Both freight and passenger charges, however, were still
maintained at an unprofitable rate, and, after the death of John
W. Garrett, the credit of the Baltimore and Ohio continued to
decline. Dividends were gradually reduced and by 1888 were
omitted entirely. As is usually the case, the cessation of
dividends awakened the sleeping stockholders. They began an
investigation to ascertain the whereabouts of that remarkable
surplus which had been reported from year to year and which,
according to official report, had shown a constant growth.
This investigation disclosed a startling state of affairs.
Instead of a surplus, the company had been piling up deficits
year after year, had been borrowing money right and left on
onerous terms, had been charging up millions of dollars of
expenses to capital accounts--and as a matter of fact, instead of
making money, it had for the most part been losing it. Now the
company urgently needed cash, and the only way it could obtain
that essential commodity was by selling its express, telegraph,
and sleeping-car business.
During the entire administration of John W. Garrett, extending
over more than two decades, current expenditures of enormous
amounts which should have been deducted from the income had been
credited to the surplus; many millions which would never be
returned had been advanced to subsidiary lines, or had been
spent, and therefore should have been put down in the books as
losses. When these facts became public, the capital stock of the
Baltimore and Ohio, which for generations had been looked upon as
one of the most secure of railroad investments, dropped to almost
nothing, and the most strenuous financial efforts were required
to keep the company out of bankruptcy.
These disclosures, towards the end of 1887, ended the first
period of active Garrett management in the Baltimore and Ohio.

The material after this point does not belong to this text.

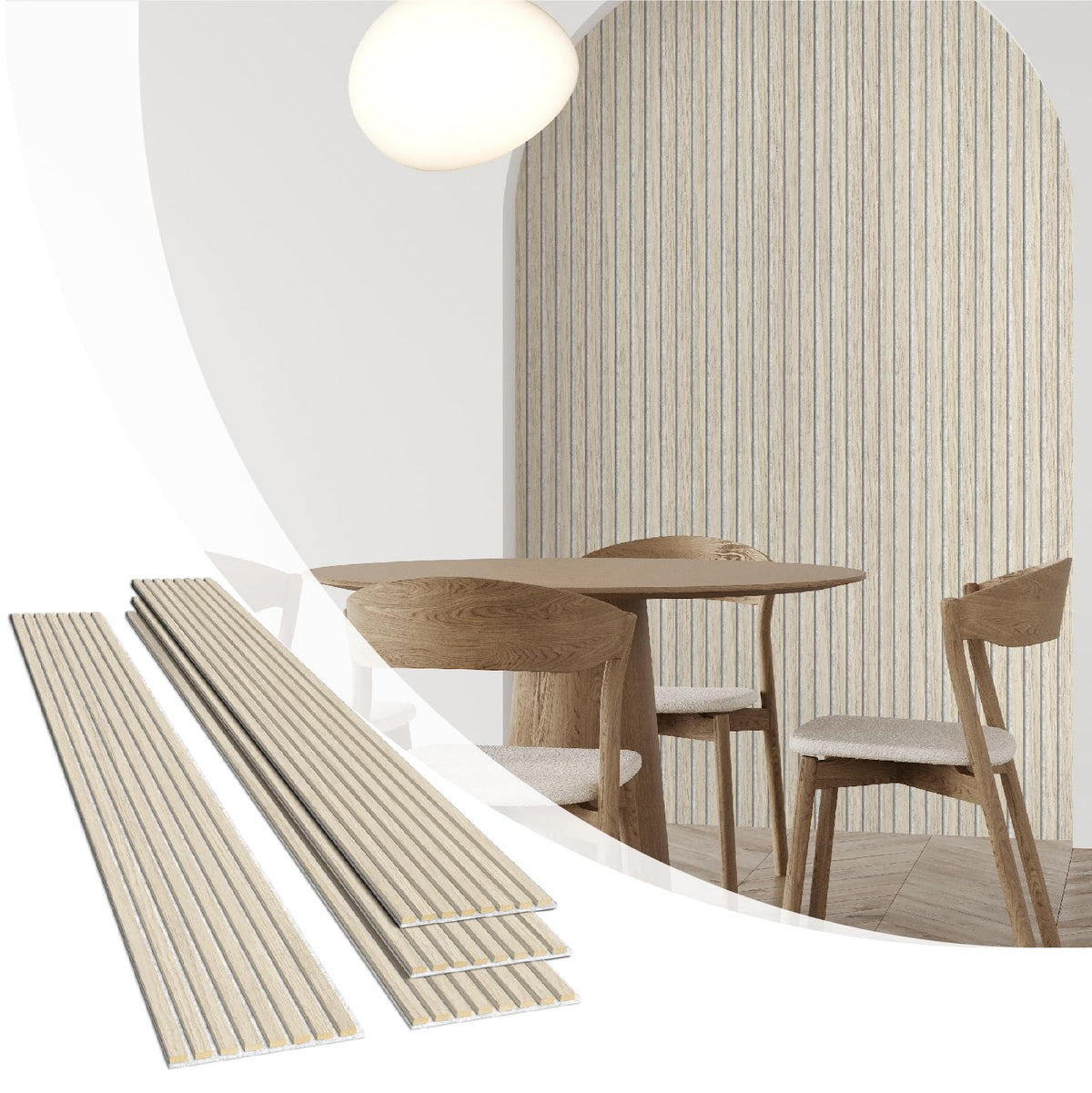 Olanglab wood slat wall panel in light oak with grey felt texture enhances warmth and acoustics.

The directors then turned to New York bankers for the cash that
was needed to put the affairs of the company on a sound basis.
Samuel Spencer, who afterward became a partner in the banking
house of J. P. Morgan and Company, was elected president and
active manager. He introduced radical reforms, entirely
revolutionized the organization, and adopted modern methods. He
wrote off the books a large amount of the much vaunted "surplus"

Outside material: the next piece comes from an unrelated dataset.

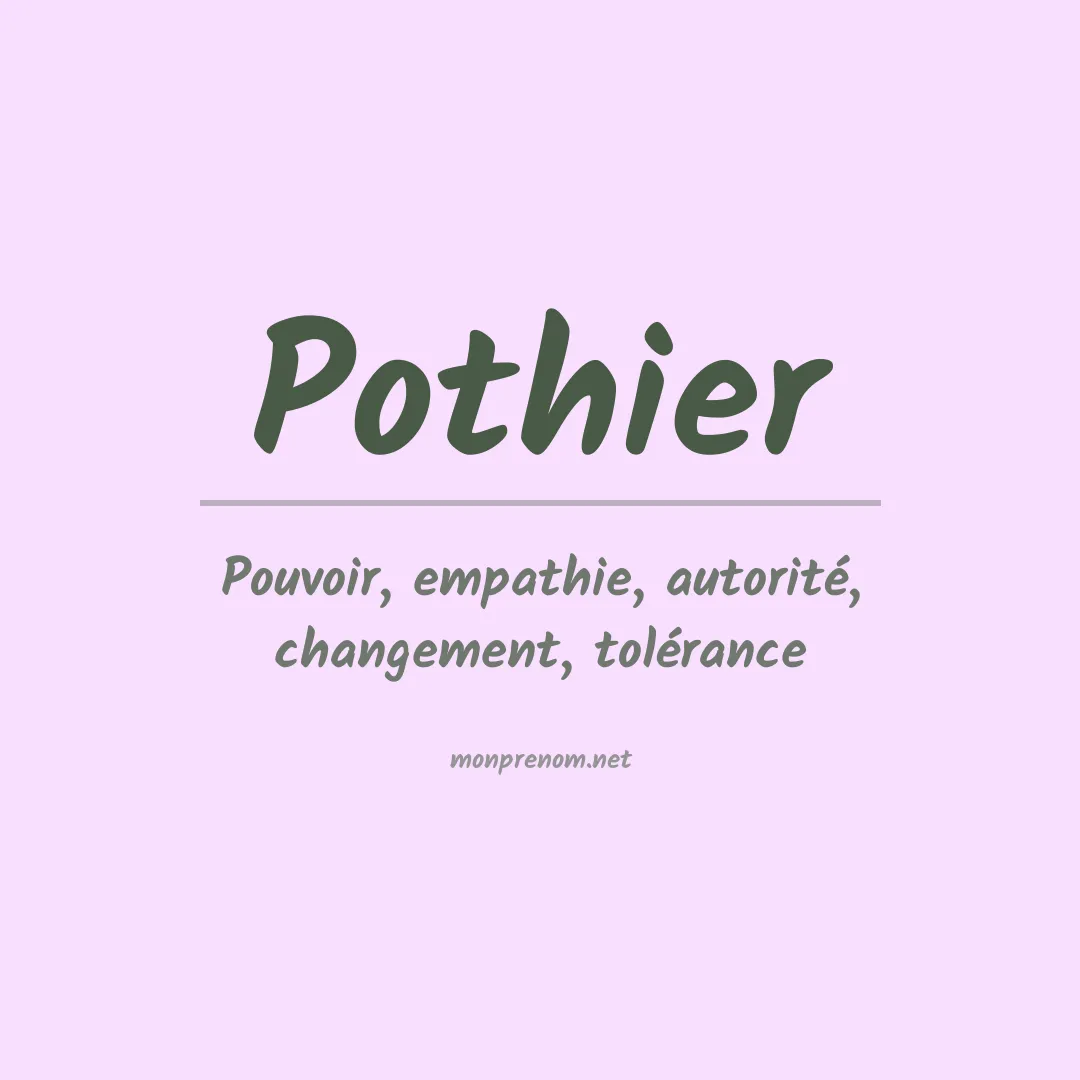 Prénom Pothier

and he took important steps toward the general improvement of the
property.
Had the new interests been allowed to continue their efforts
unmolested, the history of the Baltimore and Ohio in the next
decade might have been very different. But the original
controlling interests, the Garrett family, still held the balance
of power. As the bad bookkeeping and other irregularities of the
past naturally reflected on the Garretts, it was their interest
to suppress further investigation as far as possible; and their
antagonistic attitude toward the policy adopted by the new
Spencer management was seen in the annual election of directors
in November, 1888. Only five of the members of the board were
reelected, President Spencer was ousted, and Charles J. Mayer was
elected in his place.
This second change in management sidetracked the plans for
radical reform, and little improvement resulted either in earning
power or in financial condition. The company had fallen upon evil
days. The net profits did not increase, and eight years after
1888 they were smaller than in that year, while the debt and
interest charges constantly grew. Despite these ominous facts,
dividends were paid regularly on the preferred stock and in 1891
they were resumed on the common stock. In the latter year a
twenty per cent dividend was declared "to compensate shareholders
for expenditures in betterments and improvements in the physical
condition of the property," while at the same time the directors
decided to raise five million dollars of new capital for
expenditures which would be necessary to handle the increased
traffic created by the World's Fair at Chicago.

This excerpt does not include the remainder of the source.